In this week’s Q&A, we interview John Bartholomew, the director of the University of Texas at Austin’s Exercise and Sport Psychology Lab.

John B. Bartholomew is professor and chair at the Department of Kinesiology and Health Education at The University of Texas at Austin.

With each issue, Trib+Edu brings you an interview with experts on issues related to public education. Here is this week's subject:

John Bartholomew is the director of the University of Texas at Austin’s Exercise and Sport Psychology Lab and a professor and chair of the school’s kinesiology and health education department. His research focuses on physical activity in schools, among other topics.

Editor's note: This interview has been edited for length and clarity.

Trib+Edu: Could you speak broadly about your recent research?
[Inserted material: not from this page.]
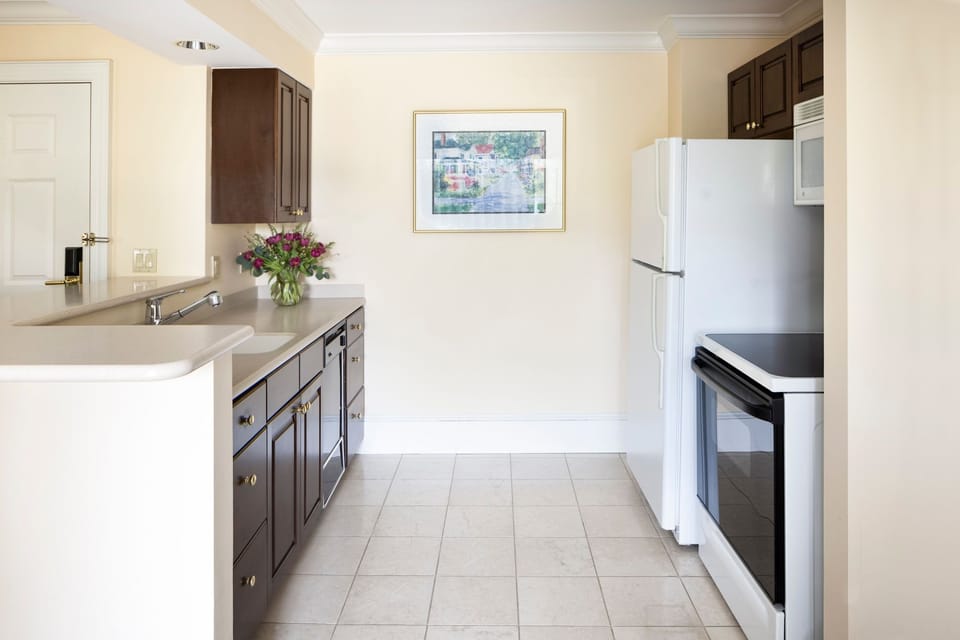 A fully equipped kitchen with modern finishes offers the perfect blend of convenience and style.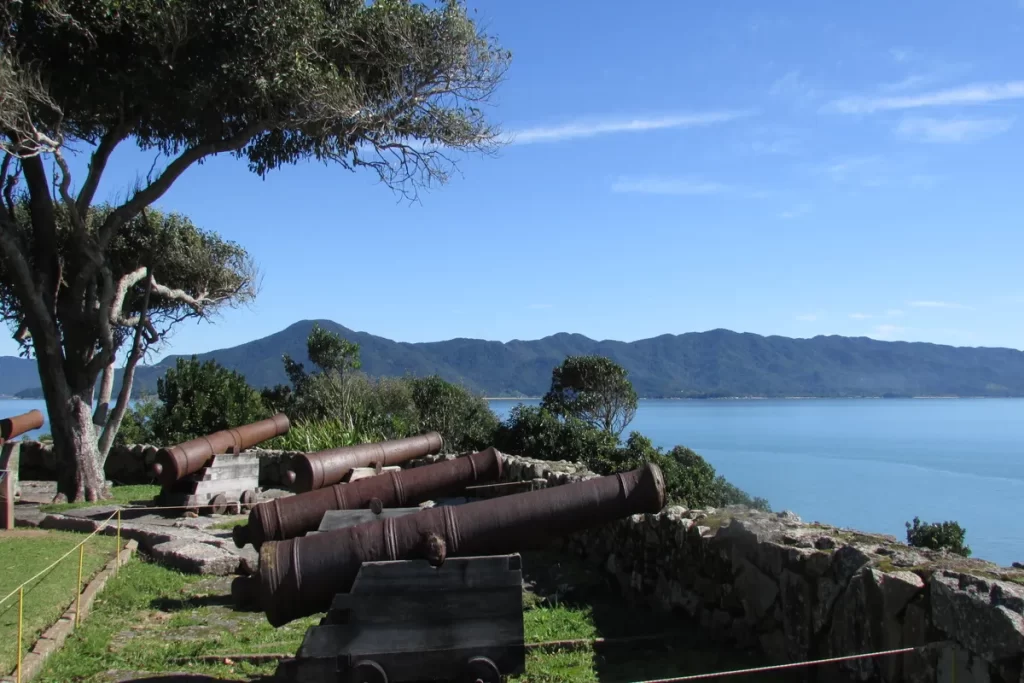 Canhões antigos no Forte de São João na Praia Forte em Florianópolis, com vista para o mar azul e montanhas ao fundo. Patrimônio histórico.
John Bartholomew: We have been really interested in the promotion of physical activity in elementary schools and trying to increase opportunities for activity in schools. The challenge that we have is that teachers are already burdened with a lot of different requirements that they have to meet in their classrooms.

How do we, then, find a way to increase physical activity in those schools without adding to the burden of teachers, and without reducing time for academic pursuits? Because that’s very much where we get pushback, certainly from administrators, if not from teachers, is concerns about that balance and how do they continue to achieve their academic goals while still increasing opportunities for physical activity.

What we’ve come up with is focused on active learning. The idea behind this is creating lessons that are 10 to 15 minutes in length where teachers can teach academic subjects or review academic material while the children are active. A lot of these are as simple as old physical education games.

Freeze tag is a really popular one, where the kids will go out, there will be kids who are taggers, and kids that are running around. When they’re tagged they’re frozen, they raise their hand, and then other children will come up with a question the teacher has prepared on an index card. It could be a spelling word, it could be state capitals.

If they get it correct, then they’re released and they get to run around again. If not, they have to wait for another child to come up and ask them a question until they get it correct to be released. We get very nice increases in physical activity with this while at the same time they’re reviewing or teaching new information.

Trib+Edu: In Texas, how active is the average student’s day?

Bartholomew: If you think about the elementary schools that we work with, which are sort of the districts that are outlying around Austin, in the majority of those, what we’ll see is that they’ll have two 50-minute P.E. periods a week, as well as one 25-minute P.E. period a week, where that is then shared with another one, half that and half music. Then they’ll have 20 minutes of recess five days a week. Those are generally the limit of the opportunities that are provided to most of the students for engagement for physical activity.

Some districts are different; Austin ISD requires brain breaks that they do for students, where they’ll do 10 minutes of physical activity, which sort of builds on this same idea. But for the majority of them, it’s far reduced from what most people experienced when we were kids.

Trib+Edu: Could you speak to why there’s less time set aside for that compared to some years ago?

Bartholomew: Administrators face real challenges in thinking about how to balance the host of goals that we have for teachers to accomplish in elementary school. We want kids to have time for music, we want kids to have time in art, we want them to have time in physical education. And at the same time we have this expanded list of information that we want to get across from the straight academic materials.

There’s some data that the emphasis on standardized testing has caused a number of districts to shift their policies, either — and this is more of a nationwide effect than specific to Texas — to reduce time spent in recess and time in P.E. to better accommodate those other requirements and the things they’re trying to fit in the day.

Our goal was, rather than try to fight that battle directly in terms of trying to expand the amount of time in P.E. and recess and what have you, to instead think about, how do we help teachers to do their job better while getting physical activity in at the same time?